The School of Engineering offers programs leading to the bachelor's degrees in biomedical, civil, electrical, and mechanical engineering and computer science. The general requirements are presented below and are to be interpreted as minimum requirements. Additional details are found under each department. The undergraduate professional programs in biomedical engineering, civil engineering, electrical engineering, and mechanical engineering are accredited by the Engineering Accreditation Commission (EAC) of ABET (www.abet.org).
In the first semester in residence, each student will be assigned to a faculty adviser with whom the student will be required to consult at least once each semester. Ordinarily, at the end of the first year in residence, engineering students will be asked to designate the department in which they wish to take their degree, if they have not already chosen. The student will consult with the department chair and, when accepted, will be assigned to an adviser who will be a faculty member of the designated department. Changes in a student's program must be made in consultation with the adviser. Advanced placement is possible for high school students with the proper background and achievement.
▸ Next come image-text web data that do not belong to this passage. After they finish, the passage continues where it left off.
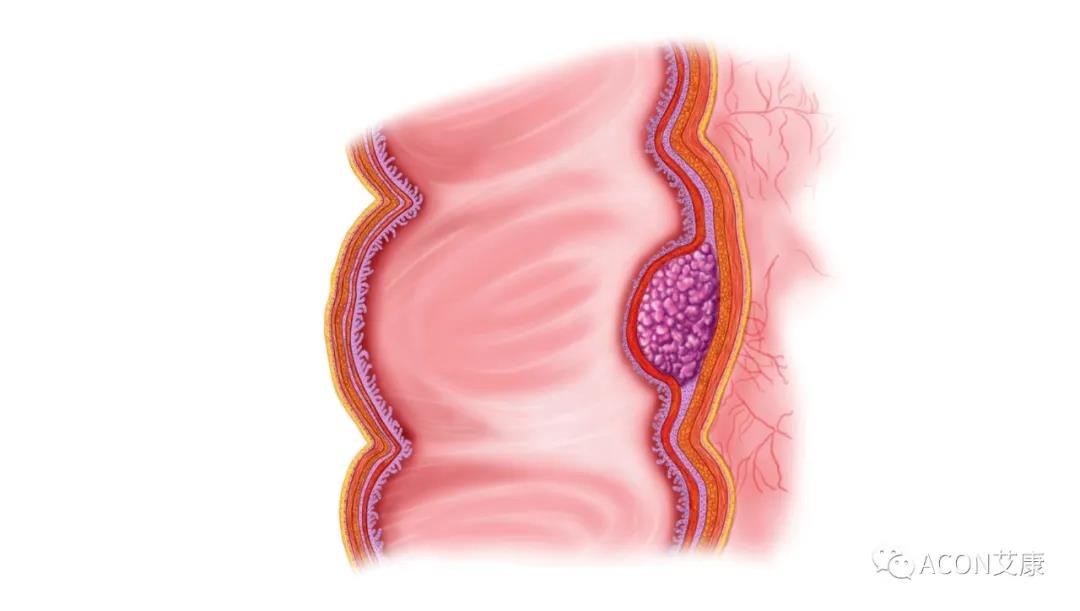 因为忽视身体出现的这些变化，他们最后被确诊结肠癌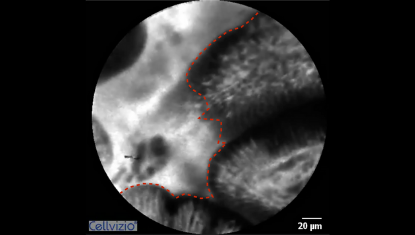 1 Fluorescence leakage into the lumen (bright lumen, often brighter than the villi) - Origin: CLE Positive reaction after provocation.png 1 Fluorescence leakage into the lumen (bright lumen, often brighter than the villi) - Origin: CLE Positive reaction after provocation.png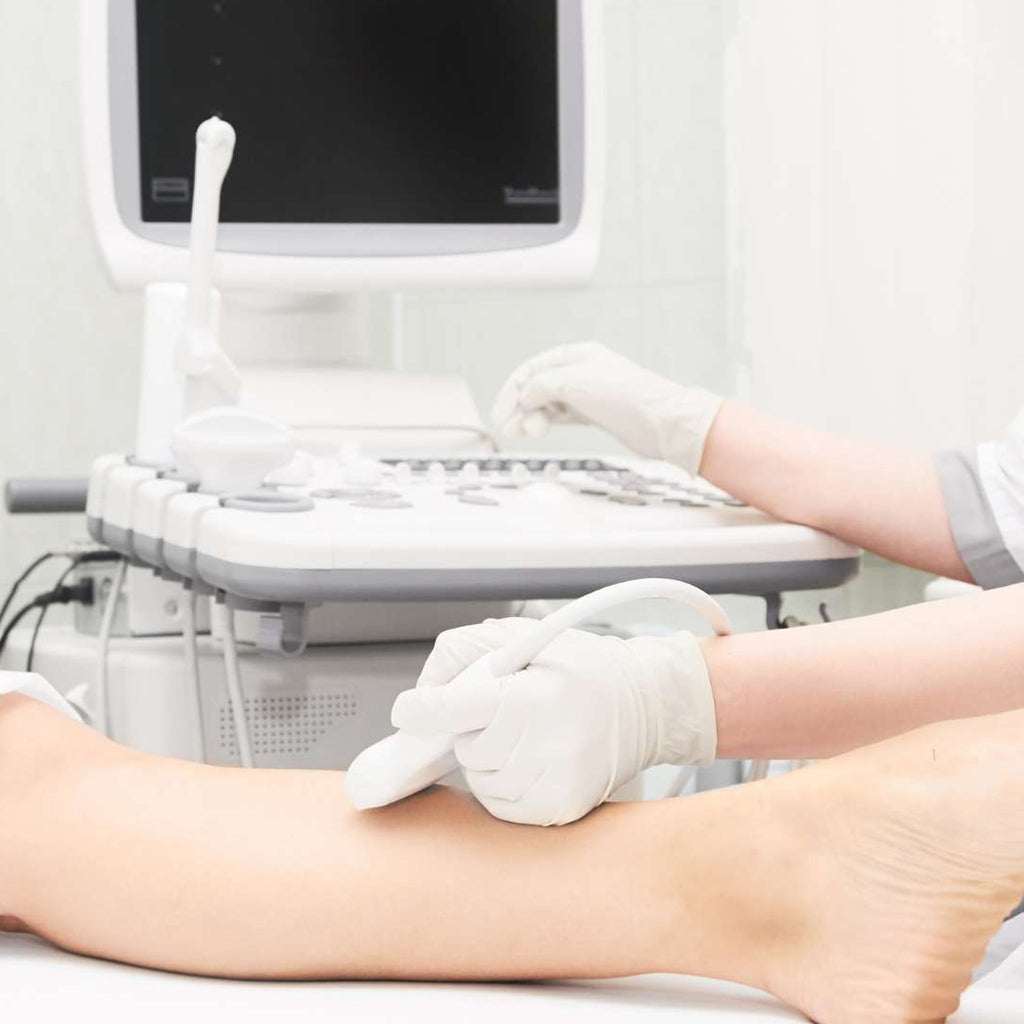 Ultrasonido doppler iliofemoral examinating blood flow in leg arteries and veins with medical ultrasound device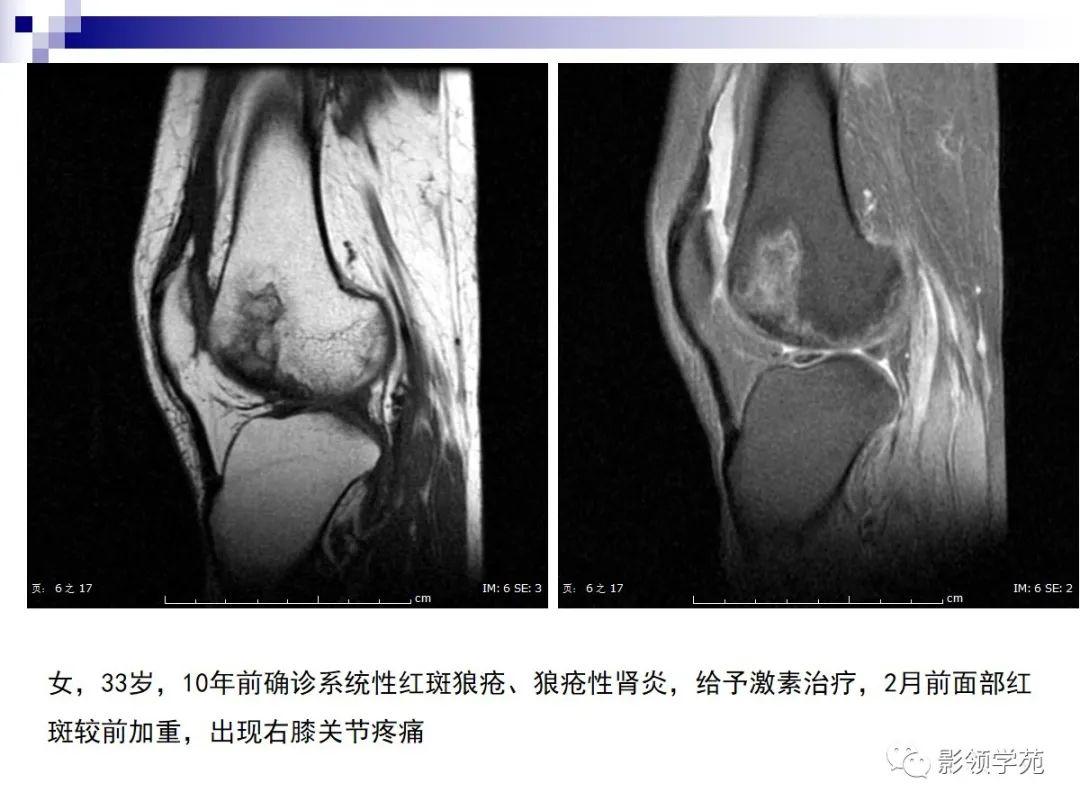 影像PPT - 骨梗死影像表现-5 影像PPT - 骨梗死影像表现-5
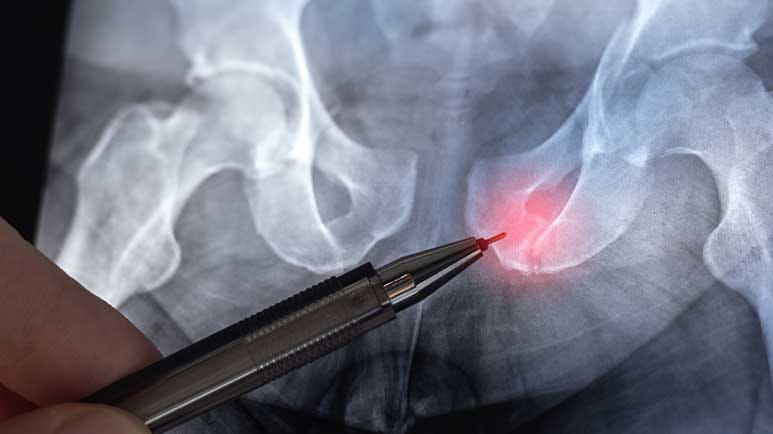 osteoporosis hip fracture prevention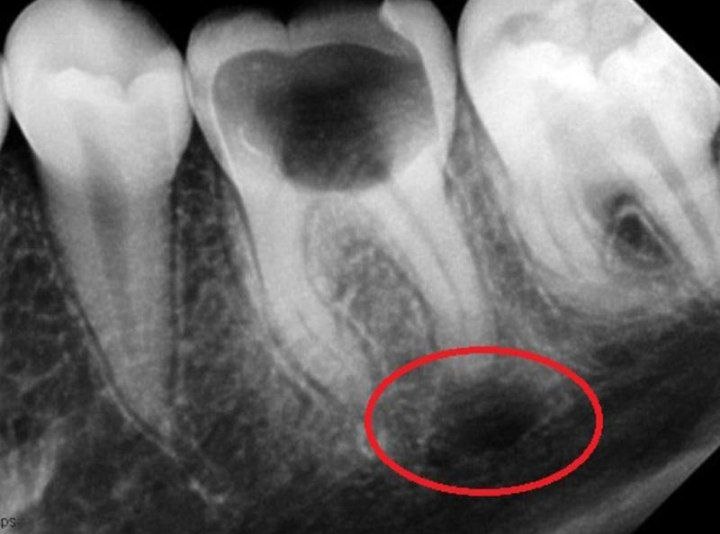 tooth-root-cyst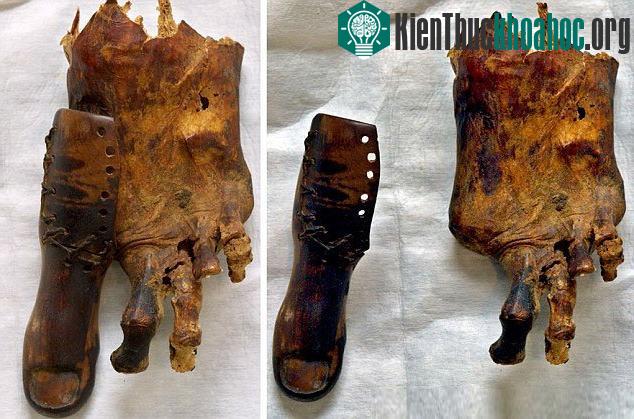 Ngón chân cái giả được chứng minh hỗ trợ việc đi lại của người mang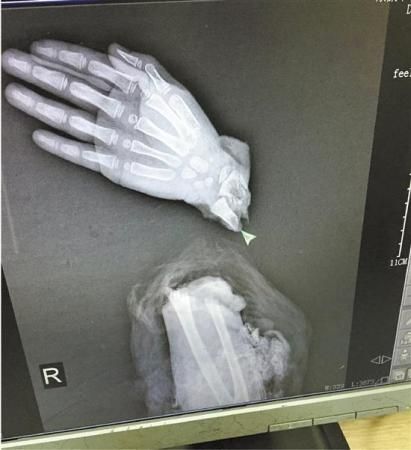  Girl injured wrist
Many from community colleges and liberal arts colleges have successfully transferred into CUA's engineering programs over the years. Students who have completed pre-engineering programs may normally begin their junior year studies in their first semester. Prospective transfer students are advised to contact the appropriate department and discuss the transition with the department chairpersons. CUA engineering has formal articulation agreements with Anne Arundel Community College, Howard Community College, and Prince George's Community College. For more information please click here.
The school believes that all students can benefit by academic year and summer internships that provide opportunities for students to learn while doing actual engineering work. The Career Services Office and the school will assist all students who desire internships to obtain one. The construction concentration in civil engineering has an internship as an integral part of its program. The biomedical engineering program has a long history of placing students in internships with hospitals and research laboratories in the Washington, D.C., area and is expanding its industrial internship opportunities.
Students may elect to pursue an interdisciplinary course of studies leading to the degree of Bachelor of Science in Engineering. This option allows qualified students to fulfill their specialized engineering course requirements in more than one department, including departments in the School of Arts and Sciences.
A dual degree program leading to the degrees of Bachelor of Science in Architecture, offered by the School of Architecture and Planning, and Bachelor of Civil Engineering is available to students who want to combine the practice of architecture and engineering. Interested students should contact either the School of Architecture and Planning or the Department of Civil Engineering for specific information.
Minor in the Humanities or Social Sciences
A minor, or subconcentration, is available to students who complete the same requirement for a subconcentration as stipulated by the School of Arts and Sciences. Normally, it consists of six courses in one area of subconcentration. Applications for the minor are available in the Office of the Dean of the School of Engineering. Students should check with the department for specific requirements for the minor. Completed applications must be submitted to the Office of the Dean of the School of Engineering.
GPA Requirement for Graduation
Students must have a minimum cumulative grade point average of 2.0 in the course of studies required for the degree program to graduate.
Undergraduate Degree Programs
At CUA, we take a hands-on approach to engineering education. Our engineering programs emphasize development and design. This focus is reflected in numerous laboratory and design courses required by each program.
The curricula consist of three main components: math and science, liberal arts, and technical content specific to the major. In the first two years, the curricula all engineering programs are very similar, and students can therefore transfer easily between programs during this period. The coursework during the last two years is major-specific and can be tailored to meet the student's interests.
Undergraduate Course Information
- Courses for Biomedical Engineering
- Courses for Civil Engineering
- Courses for Computer Science
- Courses for Electrical Engineering
- Courses for General Engineering
- Courses for Mechanical Engineering
Liberal Studies Requirement
All CUA engineering students are required to complete nine liberal studies courses prior to graduation. These include at minimum three theology and religion (TRS) courses, engineering ethics, one English course, and four additional liberal studies courses selected in consultation with their academic advisors.Transfer students must still complete the nine liberal studies courses, but only two TRS courses are required.
Transfer of Credit Policy
Transfer credit from other accredited colleges and universities are evaluated individually and can be used to satisfy engineering and liberal studies requirements. Engineering transfer courses are evaluated by the School of Engineering. Non-engineering courses (i.e. mathematics, physics, etc.) are evaluated by the School of Arts & Sciences.
In general, to apply coursework towards the CUA degree, the course must 1) be substantially similar to a CUA course, 2) be completed with a C or better grade, and 3) not duplicate previous work.
University policy requires that at least 60 SCH must be taken at CUA to complete the bachelor's degree and that at least 30 of the last 36 SCH must be taken at CUA.